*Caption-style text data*
--- START ---
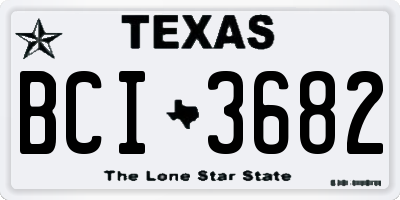 TX license plate BCI3682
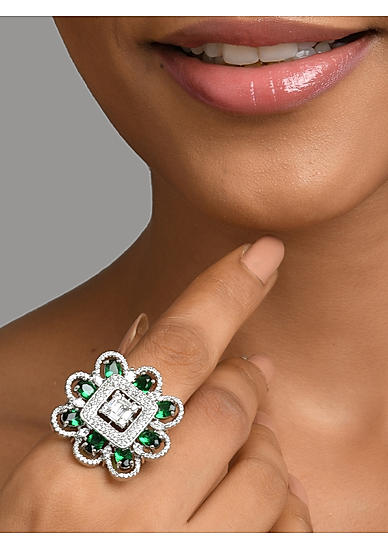 Emerald American Diamond Silver Plated Floral Cocktail Ring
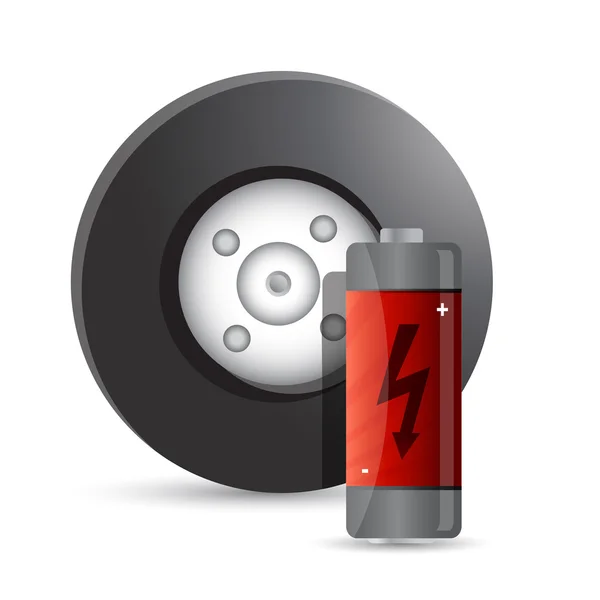 Wheel and battery — Stock Photo, Image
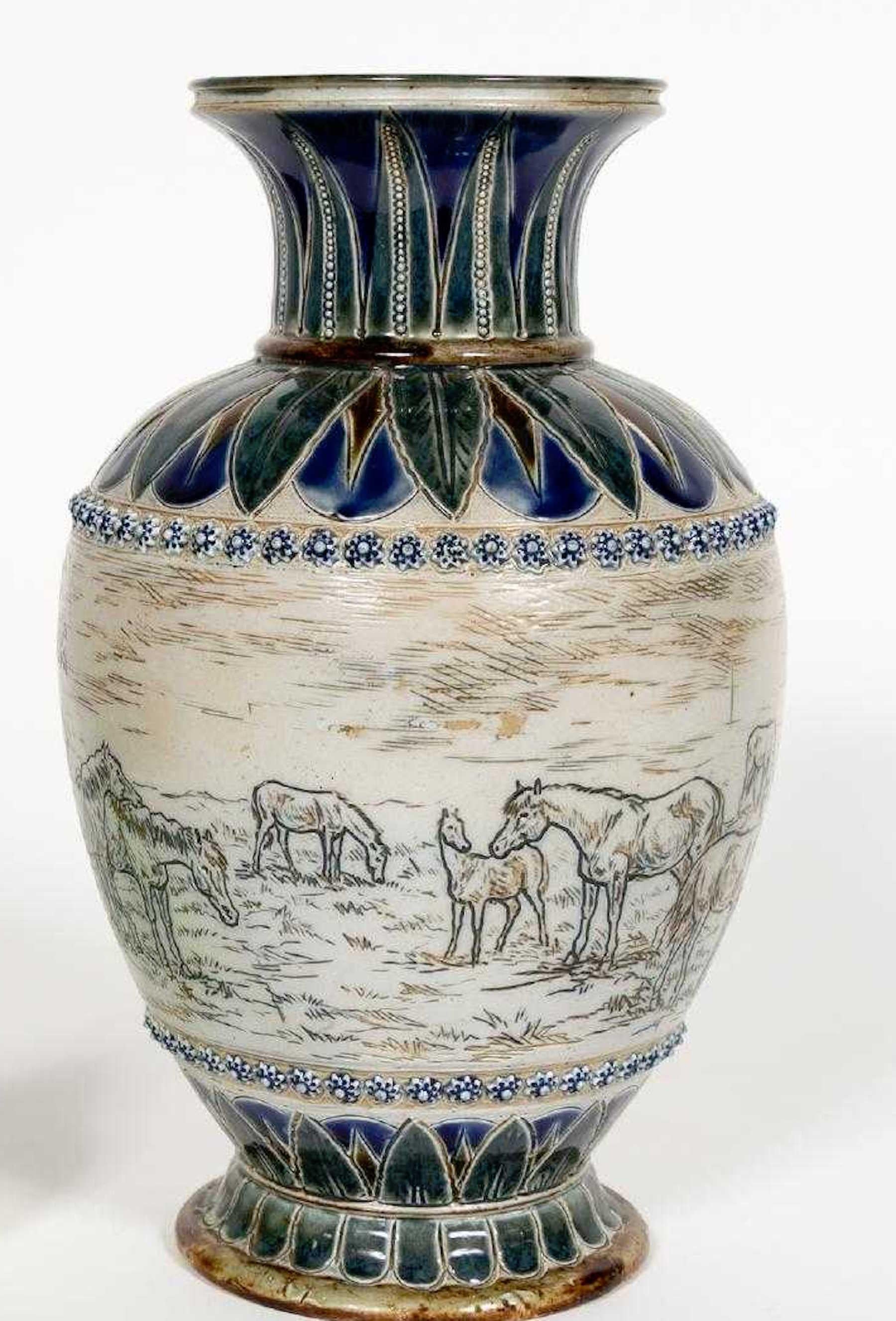 High Victorian Doulton Lambeth Equestrian Vase by Hannah Barlow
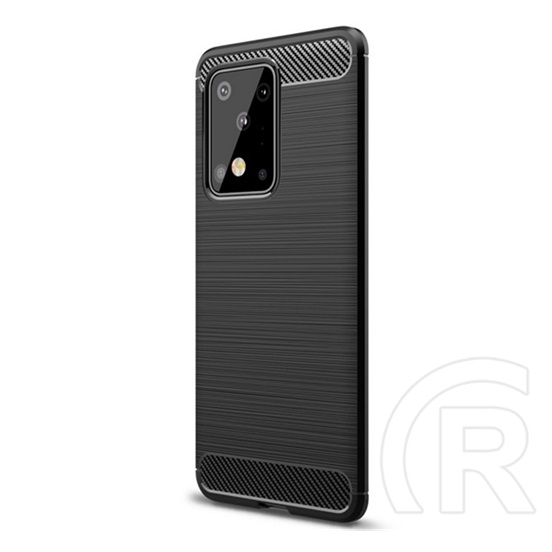 Gigapack Samsung Galaxy S20 Ultra Szilikon telefonvédő (légpárnás sarok, szálcsiszolt, karbon minta, fekete)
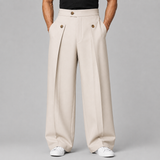 Wide-Leg Pleated Trousers with Button Waist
--- END ---
*Work required*
What is needed is a word-for-word copy of the data above, free of any images.

*Task result*
 TX license plate BCI3682
 Emerald American Diamond Silver Plated Floral Cocktail Ring
 Wheel and battery — Stock Photo, Image
 High Victorian Doulton Lambeth Equestrian Vase by Hannah Barlow
 Gigapack Samsung Galaxy S20 Ultra Szilikon telefonvédő (légpárnás sarok, szálcsiszolt, karbon minta, fekete)
 Wide-Leg Pleated Trousers with Button Waist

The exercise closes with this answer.